Students wait as individuals organizing the event set up a screening of “Urban Roots.” The documentary focuses on self sustaining communities in Detroit that arose after the industrial decline.

Annie McDonough, Reporter

Activists educated the Northwestern community Tuesday on urban agriculture and more sustainable lifestyles.

The Buffett Center, Students for Ecological and Environmental Development, Wild Roots and One Book One Northwestern co-sponsored the event held in Harris Hall that began with a screening of “Urban Roots,” a documentary that covers the attempts to use urban farming to create prosperity and sustainability after the industrial decline that occurred in Detroit. It was followed by a panel discussion featuring urban agriculture experts from Chicago and Detroit.

The Buffett Center, which facilitates multi-disciplinary research and promotes dialogue on international affairs for NU undergraduates, sponsored the event as a follow-up to the theme of 2013’s One Book One Northwestern, “The Last Hunger Season.”

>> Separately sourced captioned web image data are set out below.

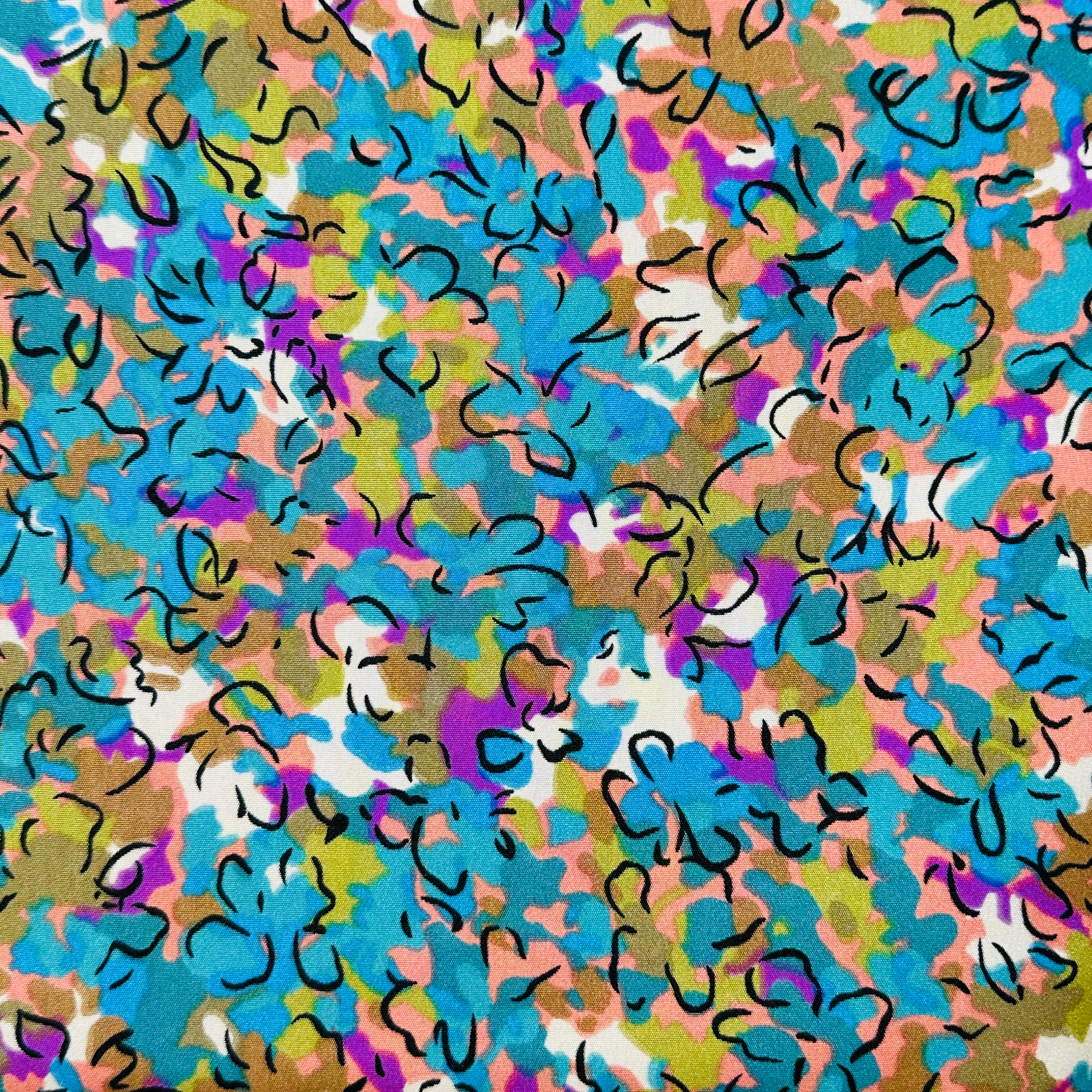 430cms Multi Colour Synthetic Fabric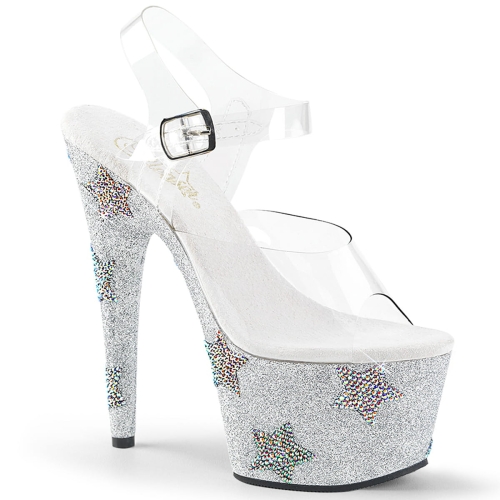 ADORE-708STAR Clr/Slv Glitter-ABRS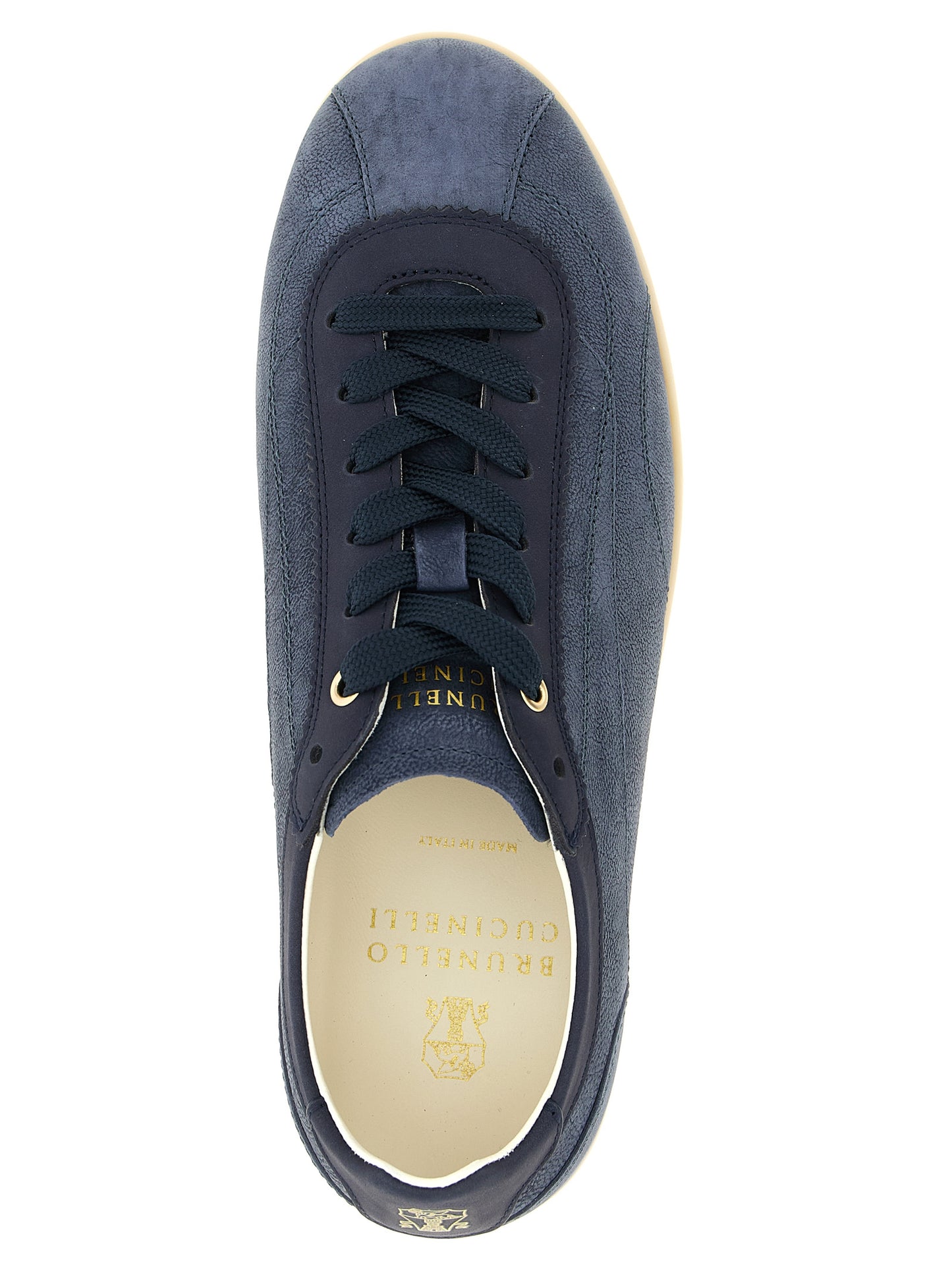 Brunello Cucinelli Blue 'Low Top' Sneakers blau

“It follows the theme of some engaged learning opportunities we provided in the fall for students to get out and explore themes of the book like agricultural development, social enterprise and community organizing in a local context,” said Patrick Eccles, assistant director of global engagement at the center.

The documentary, produced by Tree Media Group in 2011, followed the efforts of several Detroit-based grassroots urban agriculture groups to create sustainable communities in the post-industrial city.

The film described Detroit citizens’ attempts to solve the food crisis. The population loss after the economic crash left many lots of land once used for housing empty, which led individuals to question what to do with the vacant land. In areas where people were once forced to buy low quality produce from nearby gas stations at high prices, they started farming in vacant lots, creating self-sustaining communities.

Following the screening, a panel discussion, led by Eccles, addressed local efforts to create sustainable life. The discussion featured panelists Lydia Wylie-Kellermann, a writer and activist in Detroit; Wendy Irwin, co-founder of The Yellow Tractor Project in Chicago and Evanston and Ethan Viets-Vanlear, an activist and student in Chicago.

“When I started learning about the food system and what I was eating for my whole life, it really fired me up,” said Viets-Vanlear, who works with LETS GO Chicago. “Gardening is one of the only kinds of hands-on work you can do where you can really see the change you make.”

Wylie-Kellermann, who lives in Detroit’s Jeanie Wylie Community, focused on urban agriculture, immigration and nonviolence. She said the effect of grassroots gardening has been instrumental in the recovery of Detroit’s communities.

“In a post-industrial society abandoned by corporations, seeing how Detroit has responded is pretty incredible,” Wylie-Kellermann said. “There isn’t a single neighborhood in Detroit that hasn’t been touched by urban agriculture.”

However, grassroots groups are facing challenges because Detroit city management is still not authorizing their efforts.

“We’re now under emergency management, which means we have no elected officials with any power in the city,” Wylie-Kellermann said, referencing the governor-appointed city manager who deals with zoning for vacant lots of land. “It’s a top-down control model that’s very different from the urban agriculture movement that is so strong.”

Irwin added urban farmers run into the same problems in Chicago.

“When it’s top-down and no one’s bothered to go out and learn about the community, that’s where we lose sustainability,” he said.

Irwin, who has worked with students from the Kellogg School of Management in building community gardens in Chicago and Evanston, said The Yellow Tractor Project hopes to continue working with NU students to “peacefully attack” the city with these urban gardens.

“The word ‘farm’ is scary to people, and a lot of people say they’ll never be a farmer,” Irwin said. “We’re making it our job to educate people and show them they can farm anywhere.”